As a spouse caregiver of a quarter century the only universal truth is that I will never have anyone to care for me and that is becoming increasingly scary. 

Scary enough to yes ... try a pedicure! 

I did not even know they were available for men but Salon On Main who has been so kind with my cancer hair suggested ‘THE NAILS First’.

OMG!!! Sitting down I soared from embarrassment to rapture as the Shiatsu Massage Chair started on my back and neck while my feet soaking in a warm tub were massaged with water jets. … Staff was wonderfully patient perhaps even a shared bemusement with my wonder at my new feet. 
The absolute best $25 I have ever spent.

Not unlike lung cancer – it’s about stigmas and day after day I am learning that stigmas are bullshit!
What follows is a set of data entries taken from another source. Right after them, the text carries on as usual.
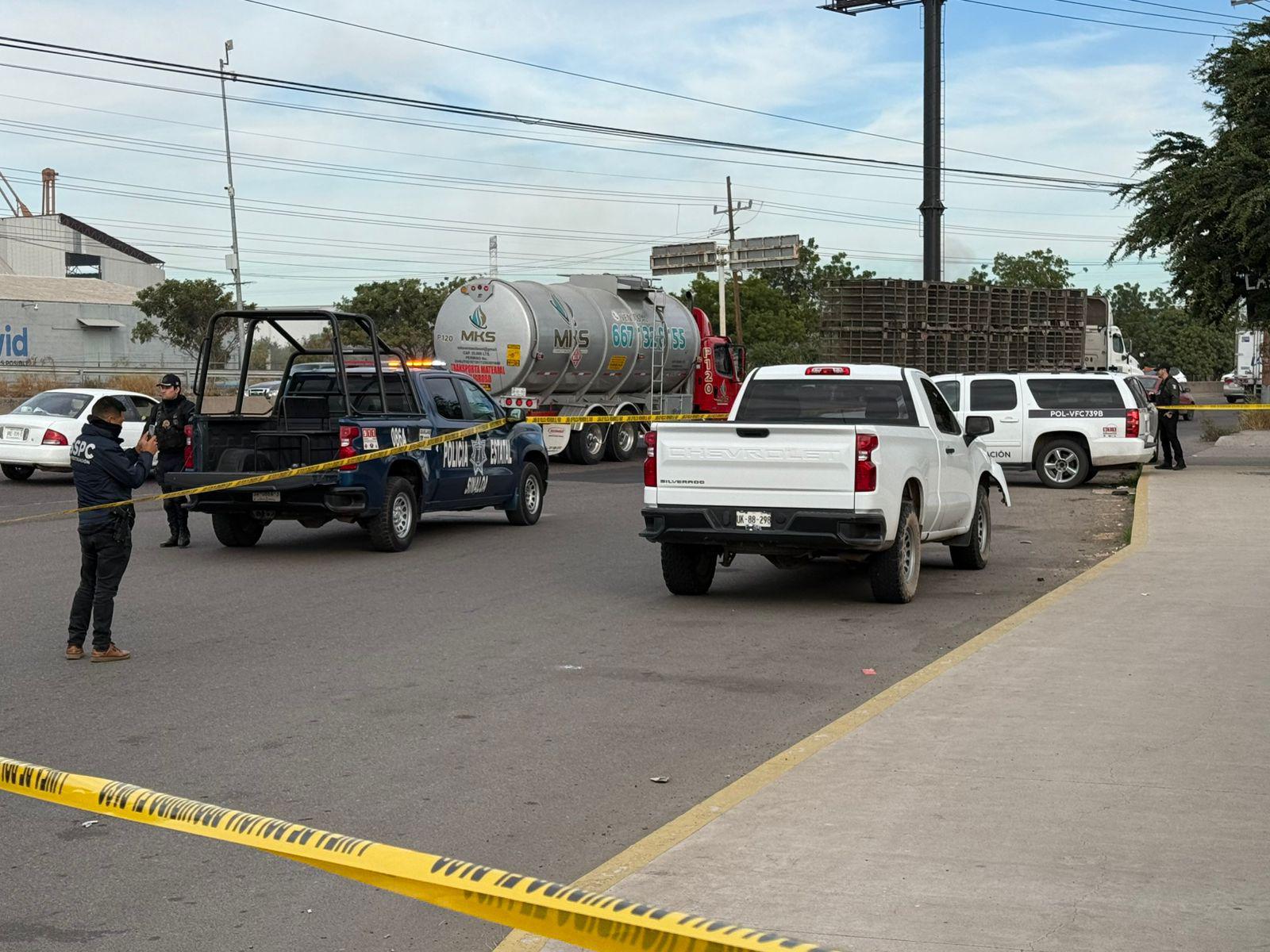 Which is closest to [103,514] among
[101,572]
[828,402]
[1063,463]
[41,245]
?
[101,572]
As long as I can find $25 I will never find myself on the bathroom floor trying to cut my toe nails. 

Thank you "THE NAILS First" for my new feet and thank you Salon on Main for the suggestion … it’s possible that a good personal care team may trump a cancer team.
Patrick Leer
Health Activist:
Caregivingly Yours, MS Caregiver @

Friday, July 19, 2013


I am humbled by the sudden surge in views, readers, tweets, retweets and social media I do not even understand of interest in My Lung Cancer Odyssey.
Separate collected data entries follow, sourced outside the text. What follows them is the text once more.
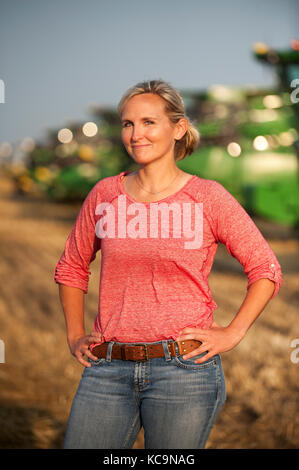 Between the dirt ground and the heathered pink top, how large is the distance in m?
2.72

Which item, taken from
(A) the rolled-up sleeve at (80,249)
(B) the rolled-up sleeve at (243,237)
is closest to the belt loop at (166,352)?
(B) the rolled-up sleeve at (243,237)

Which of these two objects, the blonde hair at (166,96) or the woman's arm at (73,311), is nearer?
the blonde hair at (166,96)

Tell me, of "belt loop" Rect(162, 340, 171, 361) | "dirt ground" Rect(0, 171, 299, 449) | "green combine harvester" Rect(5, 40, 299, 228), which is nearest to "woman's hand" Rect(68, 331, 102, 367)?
"belt loop" Rect(162, 340, 171, 361)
I pray it’s not some ‘waiting for the train wreck syndrome’ since my DX soared to Stage 4 with brain metastasis.

When my daughter and I first met with Stephen Milito, MD of the Oakwood Cancer Center  on May 13th,  he was the first cancer person when asked to offer a timetable  … “unchanged” 6 months to 18 months to live … asking him if he ever wins he smiled and said he could not do this if he did not.

‘Changed’ by 10 whole brain radiation treatments he met with us smiling and saying I’ll see your back in 4 months … reading the radiologist report was even more encouraging.

I’m going to deviate from my normal style here because I know enough readers are facing my situation and I will simply post the diagnostic radiologist report (personal information redacted)
 Both I and my daughter could only smile at the first line “prior gamma knife treatment”
 … there was NO gamma knife however the precision targeting of whole brain radiation on my mask was so effective it fooled a radiologist … the rest reads only better

I pray for others it will provide hope when facing Stage 4 Lung Cancer with brain metastasis … it is not “end stage” lung cancer – that stigma has got to go.

 “…the gods will offer you chances.
know them.
take them.
you can’t beat death but
you can beat death in life…"
THE LAUGHING HEART by Charles Bukowski

Patrick Leer

Health Activist:
Caregivingly Yours, MS Caregiver @

Tuesday, July 16, 2013

Oh Happy Day!

Not since our daughter was born have I known such joy as this morning.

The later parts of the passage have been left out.